By Joanne Light
Joe Blades (1961-2020) died suddenly of natural causes recently. (His obituary here.)
His epitaph could be “I publish, therefore I am.” He was the Randolph Hearst of the invisible poets (without the money). He just kept growing his obsessive poetry publishing, journal keeping, and visual pieces undaunted by what others might have thought of him or his work.
In the 1980s, Joe was a beacon for “disembodied poets” in Halifax and beyond. He hung around NSCAD and published BSPS: Bourbon Street Poetry Society zine. Later he grew it into a reputable literary journal, which published both local and international poets, and named it Poetry Halifax Dartmouth for the pols, after the fact that he single-handedly procured $5,000 annually from city council to publish it, but he referred to it as PHD cuz he liked acronyms. In that feathered nest, he was also able to bring in a few poets from hither and yon to read now and then. It’s amazing how generous the local government was in the 1980s (or how stingy they are now) but, then again, people like Joe are rare—he went after things that would support his endeavours in a style like no one else.
I remember the first time I met him at the Banff Centre (then the Banff School of Fine Arts) in 1982. Everyone on campus was in a juried program—except Joe. He was just there, having drifted in from the east coast I guess to make inroads in the literary landscape—mingling, schmoozing, etc. I thought that was incredible, very determined and ballsy. He looked the part, for sure—tall, lanky, mysteriously shy and brooding, long blond hair and he had that poetic name “Joe Blades.” I thought it must be a creation to make him even more enigmatic than he was. He would have only been 21 then.
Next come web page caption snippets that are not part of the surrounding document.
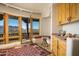 Breakfast nook with mountain view, wooden cabinetry, and plenty of natural light at 5526 E Roadrunner Rd, Paradise Valley, AZ 85253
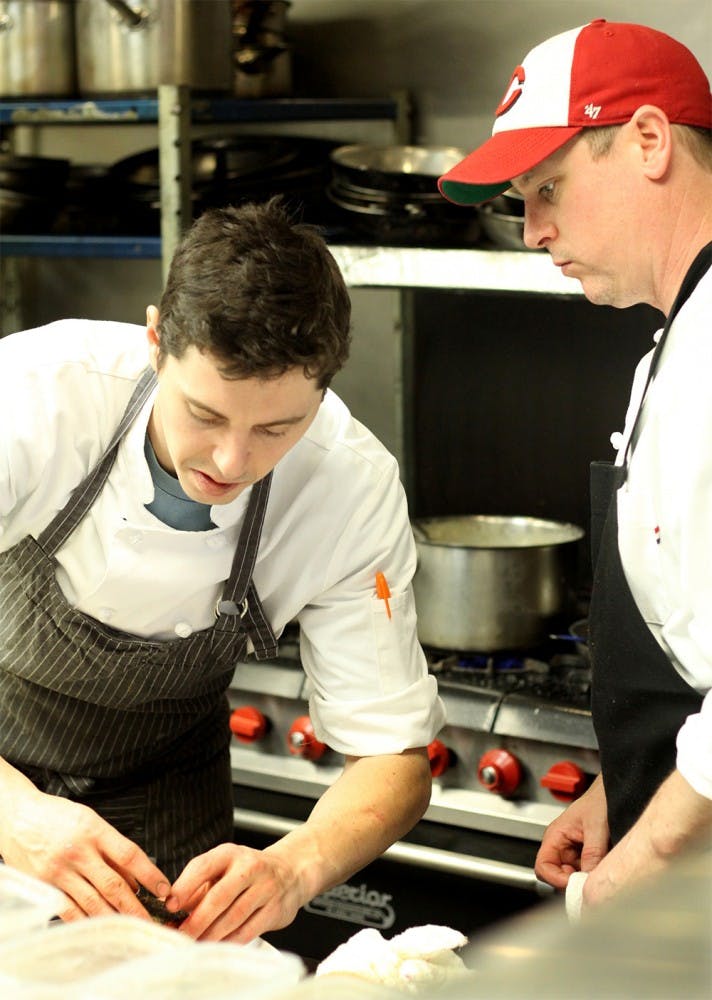 Michael Blagg, left, executive chef, prepares one of the main courses with Ratchie Bowling, sous chef on Wednesday at Restaurant Monet. Monet is a new restaurant opened January which provides organic, local grown ingredients with wine list.  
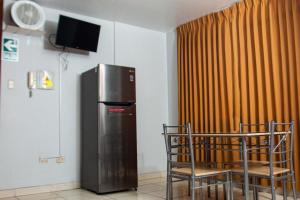 a room with a refrigerator and two chairs and a television at Hostal Vasco in Tacna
Back in Halifax, we were kind of a writing group that would meet at the Seahorse Tavern, or La Cave Restaurant, supporting each other’s poems, identifying as a minuscule sub-culture—Kathy Mac, Eleanor Schonmeier and her Navy guy husband, Deirdre Dwyer, Shirley, Amy Whitmore, Joe, a yoga poet named James, an older math professor with a much younger wife, a couple others.
Then there were the Poetry Sweatshops at the Lower Deck that Joe and Kathy introduced. I loved those. One time the word we had 20 minutes to write on was “novelty.” Perfect because that was the age of “the cult of novelty.” Joe, being a recent grad of NSCAD, incorporated novelty into his pieces, having been educated by true, blue conceptualists for which that shining light for the Artspeak cognoscenti was famous.
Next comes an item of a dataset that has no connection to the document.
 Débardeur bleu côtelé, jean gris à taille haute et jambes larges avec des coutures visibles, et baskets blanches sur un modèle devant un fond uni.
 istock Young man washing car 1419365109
I last saw him at the Maritime Writers’ Workshop in Fredericton. We were in the tiny poetry corner space with Yvonne Trainor as the mentor.
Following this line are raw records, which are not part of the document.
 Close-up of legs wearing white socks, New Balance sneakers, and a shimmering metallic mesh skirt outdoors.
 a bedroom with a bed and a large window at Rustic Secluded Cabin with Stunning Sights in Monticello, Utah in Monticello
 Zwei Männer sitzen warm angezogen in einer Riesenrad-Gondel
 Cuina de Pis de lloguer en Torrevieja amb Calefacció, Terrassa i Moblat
He moved to Fredericton around 1990 and gave me the PHD archives and administrative and editorial tasks of keeping it going. Soon, I had to leave the Maritimes to find work and gave it to Mark Hamilton to run. Then it died and the city hasn’t funded a poetry magazine since. That’s how rare Joe Blades, the poetry instigator, was.
It helps to reminisce that once upon a time there was an impresario and poetry aficionado named Joe Blades who kept putting himself and the work out there for anyone to see and hear.